How to tell if external pushdown occurred

This article details how to determine if a PolyBase query is benefitting from pushdown to the external data source. For more information on external pushdown, see pushdown computations in PolyBase.

Is my query benefitting from external pushdown?

Pushdown computation improves the performance of queries on external data sources. Certain computation tasks are delegated to the external data source instead of being brought to the SQL Server. Especially in the cases of filtering and join pushdown, the workload on the SQL Server instance can be greatly reduced.

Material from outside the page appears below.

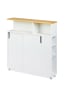 relaxdays Nischenschrank in Weiß/ Natur - (B)17 x (H)79 x (T)75 cm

PolyBase pushdown computation can significantly improve performance of the query. If a PolyBase query is performing slowly, you should determine if pushdown of your PolyBase query is occurring.

There are three different scenarios where pushdown can be observed in the execution plan:

  • Filter predicate pushdown
  • Join pushdown
  • Aggregation pushdown

Note

There are limitations on what can be pushed down to external data sources with PolyBase pushdown computations:

Two new features of SQL Server 2019 (15.x) have been introduced to allow administrators to determine if a PolyBase query is being pushed down to the external data source:

This article provides details on how to use each of these two use cases, for each of three pushdown scenarios.

Use TF6408

By default, the estimated execution plan does not expose the remote query plan, and you only see the remote query operator object. For example, an estimated execution plan from SQL Server Management Studio (SSMS):

A screenshot of an estimated execution plan in SSMS.

Or, in Azure Data Studio:

A screenshot of an estimated execution plan from Azure Data Studio.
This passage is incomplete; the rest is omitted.